**Work instructions:** Drop every picture, then transcribe the remaining data exactly.
..............................
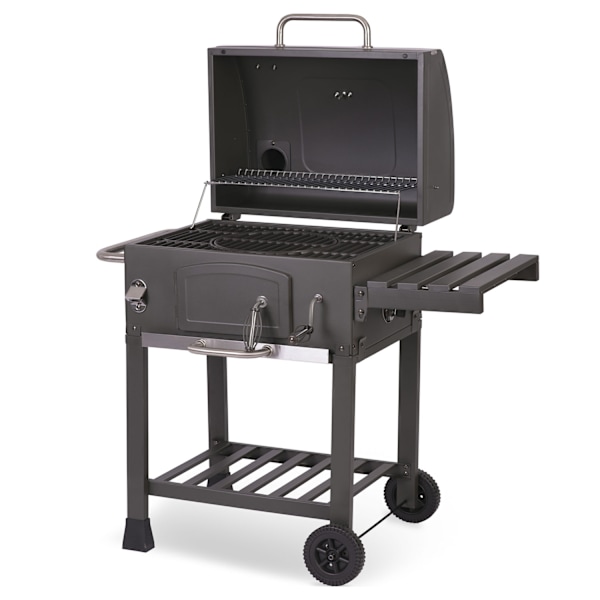 Berdsen BD-891 hiiligrilli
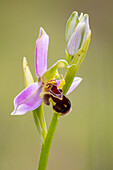 Bee orchid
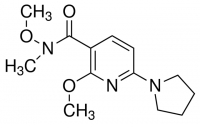 N,2-Dimethoxy-N-methyl-6-(pyrrolidin-1-yl)nicotinamide ADE000100-1G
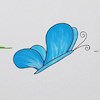 Dutch_Butterfly profile image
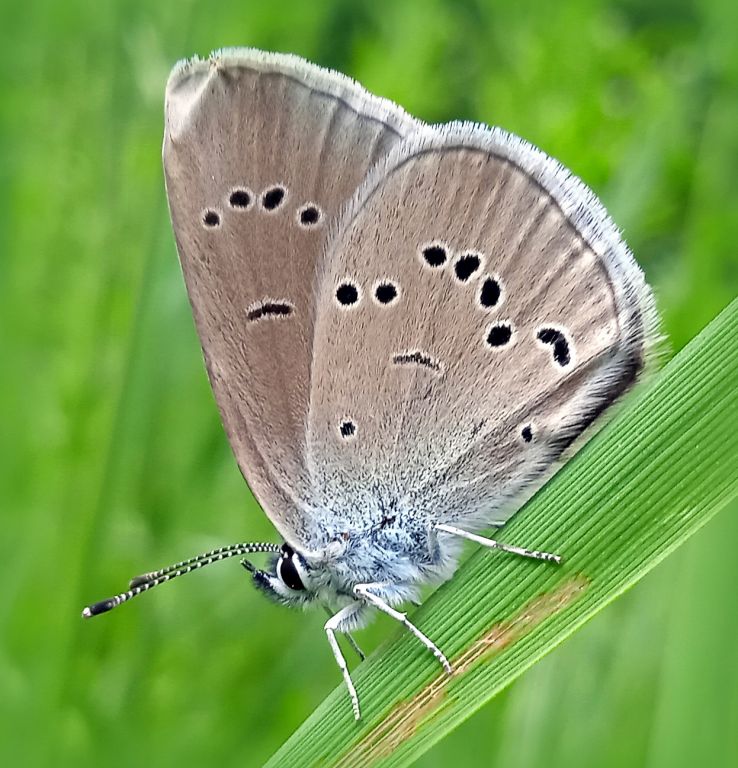 Cyaniris semiargus (Rottemburg, 1775)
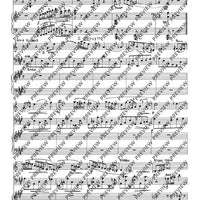 Divertimento (Suite) - Score and Parts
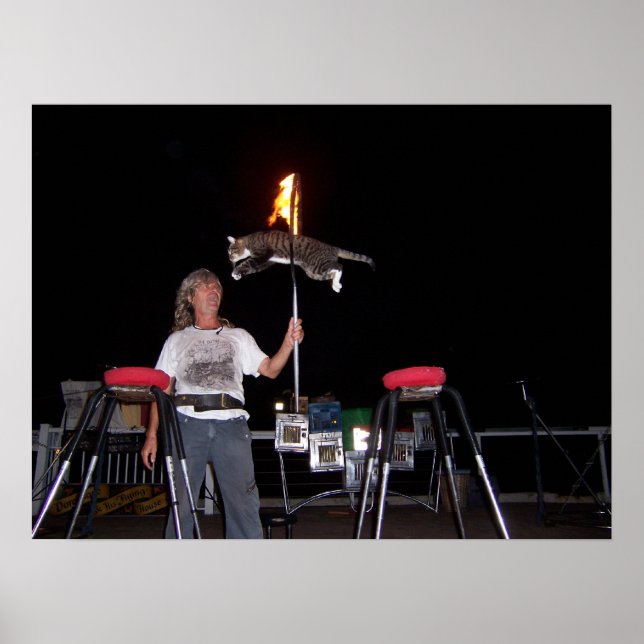 Key West Cat Man Poster (Vorne)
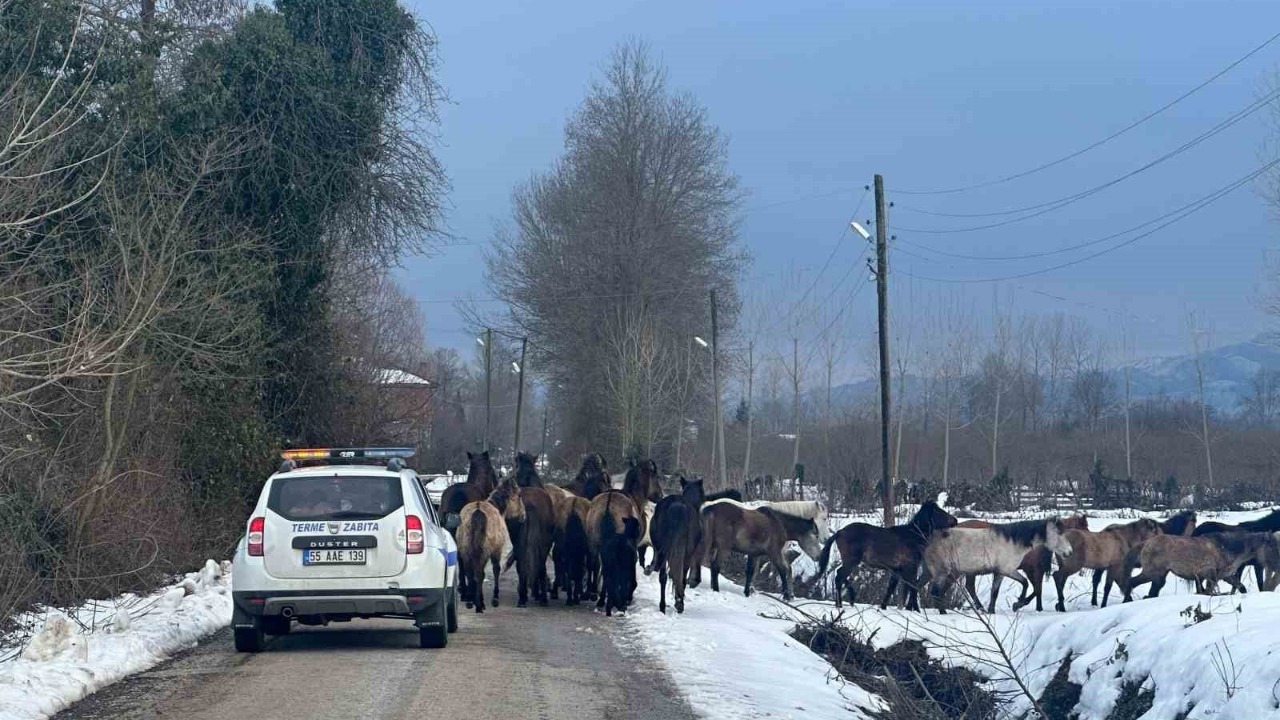 Samsun’da başıboş atlar belediyeyi harekete geçirdi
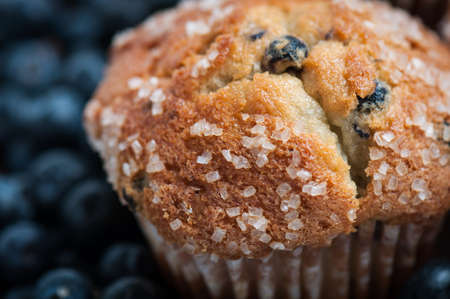 Blueberry Muffinの写真素材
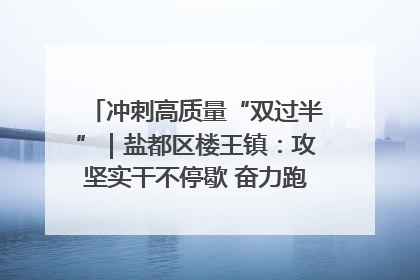 冲刺高质量“双过半”｜盐都区楼王镇：攻坚实干不停歇 奋力跑赢“上半场”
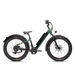Side view of a green RadRover 6 Plus step-thru electric fat tire bike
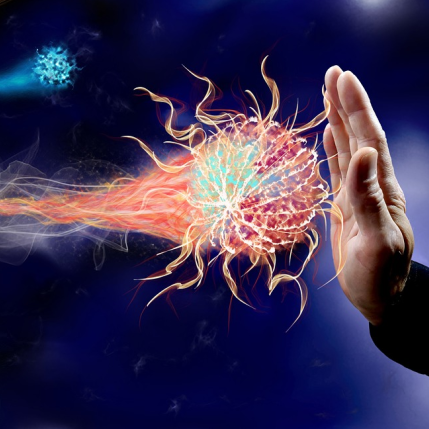 defenses immunitaires prestation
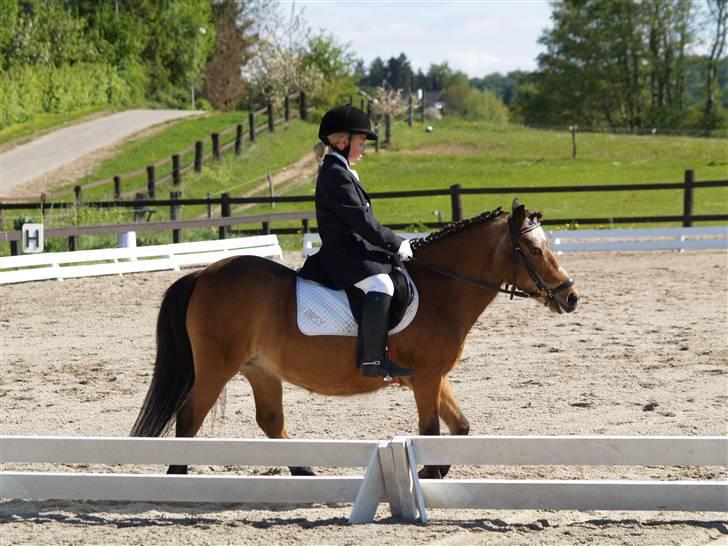 Anden særlig race Dipsi *på pansion* - Verdenss smukkeste pony!! billede 11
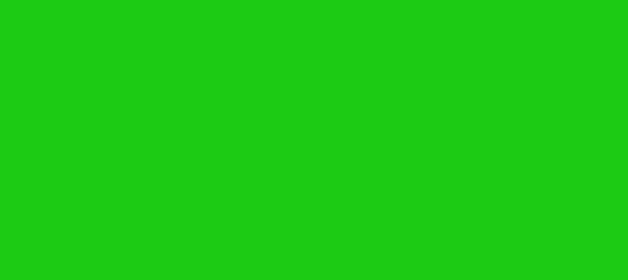 Color #1ACC16 Lime Green (background png icon) HTML CSS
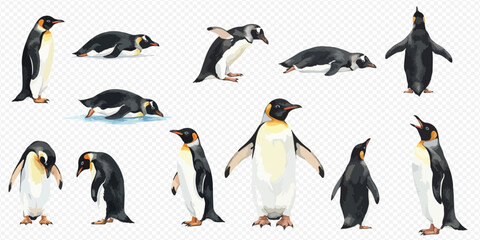A set of realistic watercolor illustrations of emperor penguins in various poses, including standing, walking, lying down, and diving, on a transparent background. © studio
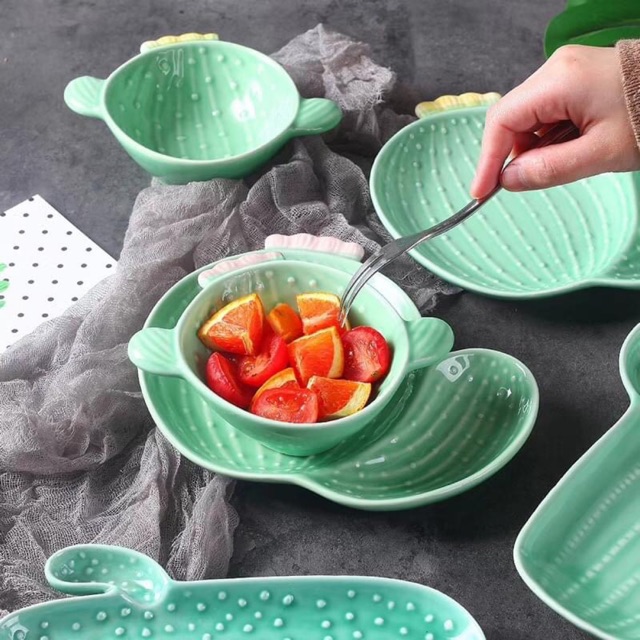 Chén bát sứ hình xương rồng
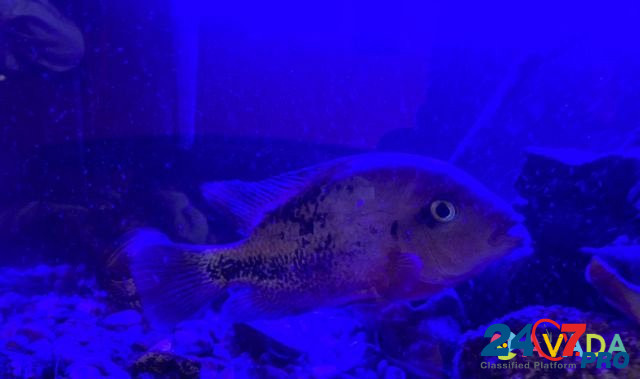Рыба цихлазома Sergiyev Posad - photo 3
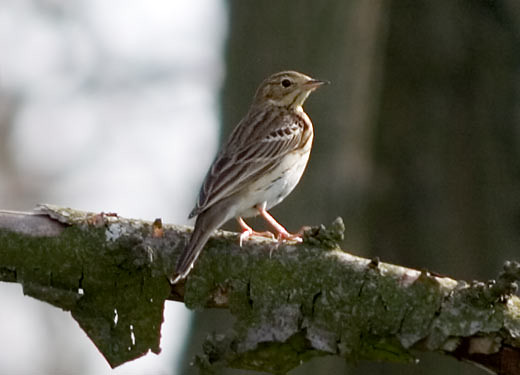 Photograph titled 'Tree Pipit'
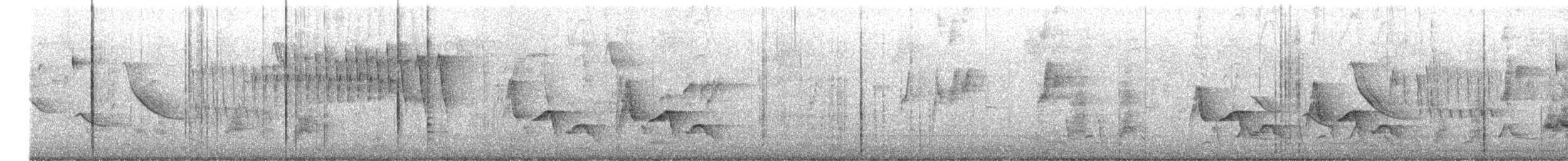 クリムネマユミソサザイ - ML643947809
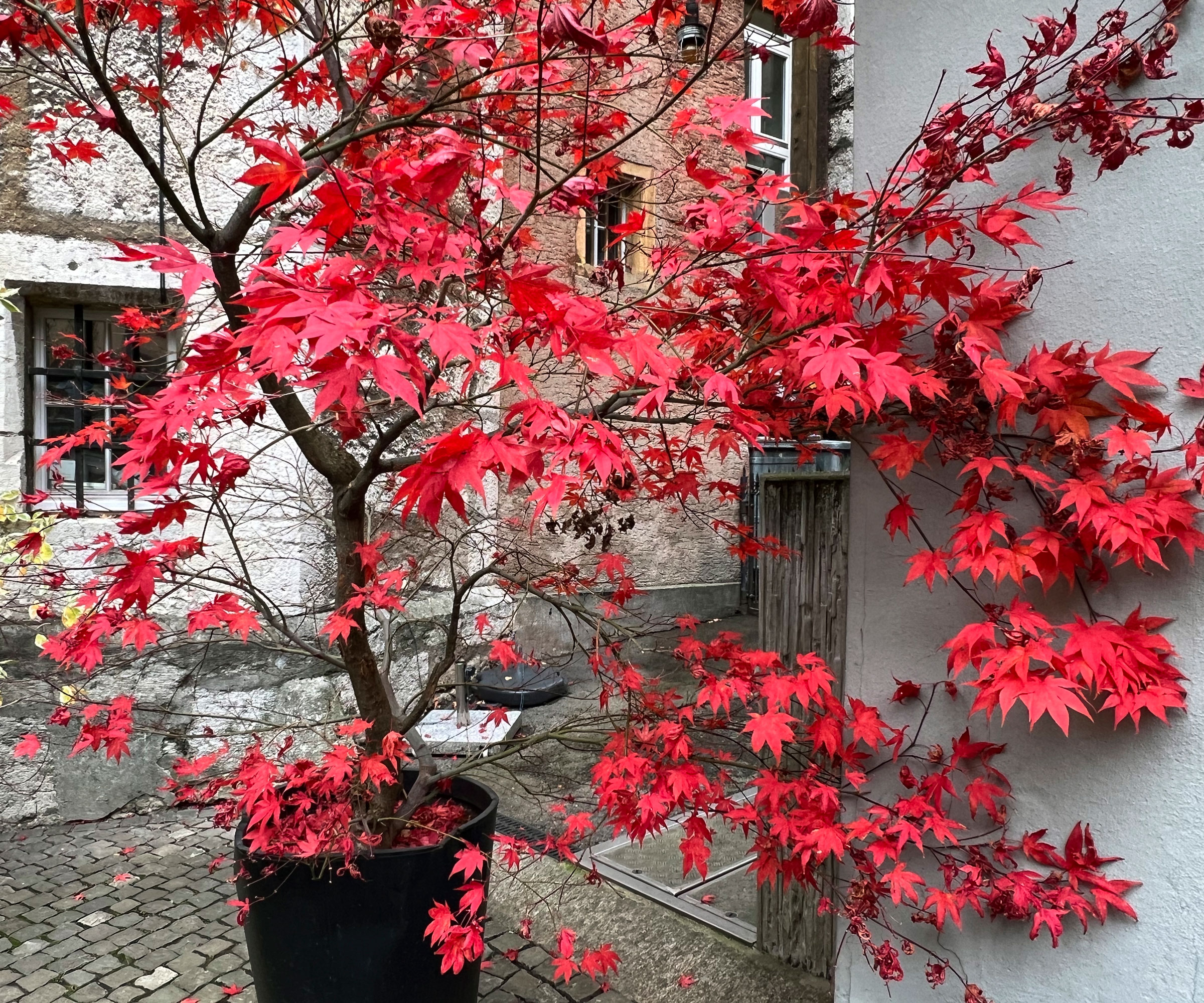 Japanese maple tree in black container with vibrant red foliage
..............................
**Result for this task:**
 Berdsen BD-891 hiiligrilli
 Bee orchid
 N,2-Dimethoxy-N-methyl-6-(pyrrolidin-1-yl)nicotinamide ADE000100-1G
 Dutch_Butterfly profile image
 Cyaniris semiargus (Rottemburg, 1775)
 Divertimento (Suite) - Score and Parts
 Key West Cat Man Poster (Vorne)
 Samsun’da başıboş atlar belediyeyi harekete geçirdi
 Blueberry Muffinの写真素材
 冲刺高质量“双过半”｜盐都区楼王镇：攻坚实干不停歇 奋力跑赢“上半场”
Side view of a green RadRover 6 Plus step-thru electric fat tire bike
 defenses immunitaires prestation
 Anden særlig race Dipsi *på pansion* - Verdenss smukkeste pony!! billede 11
 Color #1ACC16 Lime Green (background png icon) HTML CSS
A set of realistic watercolor illustrations of emperor penguins in various poses, including standing, walking, lying down, and diving, on a transparent background. © studio
 Chén bát sứ hình xương rồng
Рыба цихлазома Sergiyev Posad - photo 3
 Photograph titled 'Tree Pipit'
 クリムネマユミソサザイ - ML643947809
 Japanese maple tree in black container with vibrant red foliage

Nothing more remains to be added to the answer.